Woodson, who takes a 15-6 record into Sunday's game against his old team, has been around the NBA for roughly 30 years as a player and coach. He understands the business, especially in New York, where he began his playing career in 1980. It's a big city that craves the biggest stars and biggest names.
Phil Jackson and John Calipari are lurking, and both have ties to the organization. After winning a national title with Kentucky and having all five starters declare for the draft, Calipari could be tempted to return to the NBA. The former Nets coach's appeal may never be greater.
"I can't worry about that," said Woodson, who won an NBA title in 2004 as an assistant in Detroit under Larry Brown. "I can't do that. If I'm looking over my shoulders about my job, I can't do my job. I can't do it.
"I do think about my future. But I'm a very secure person in what I do. I can't control things sometimes in this league. If I could control the Atlanta situation, I probably would still be in Atlanta. I couldn't control that at all. And I can't control what's out there now with this organization."

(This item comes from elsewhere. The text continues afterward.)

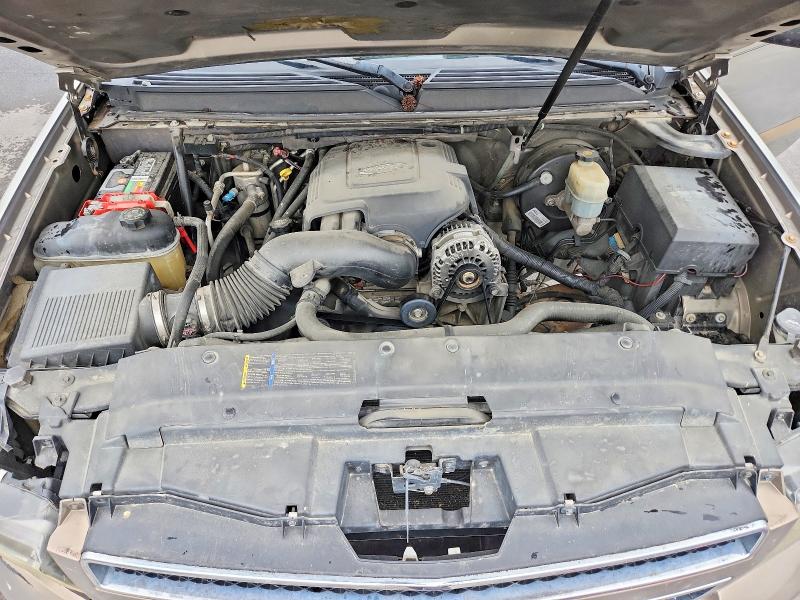 2007 Chevrolet Suburban მანქანა იყიდება აუქციონზე, vin: 1GNFK163X7J170521, აუქციონის ნომერი: 51782326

What Woodson does control is how he prepares the Knicks for the final three regular-season games and the postseason.
When D'Antoni resigned, the Knicks were 18-24 and had lost six straight. In addition to challenging Anthony, Woodson brought accountability and inspiring defense back to the Knicks, and they responded.
Even after losing Stoudemire for three weeks and Jeremy Lin for the season, Woodson kept the Knicks focused on the postseason. They're going back for the second straight year and believe they can go far. "Just over the past few months of play, how great it's been under Mike Woodson," Stoudemire said. "We feel confident about him, we feel great about our players and we feel like we can do some damage in the postseason."
That's Woodson's goal. "We're supposed to be in the playoffs," he said. "This team is too good not to do that. It's great it happened. I'm excited, but there are far bigger things.
"We still got a long way to go. I've seen a title won when I went to the playoffs one year. That's the only thing on my mind: I sleep, eat, trying to get back to a title game to see if we can win it. That's why I'm in it. That's the only reason why I'm in it."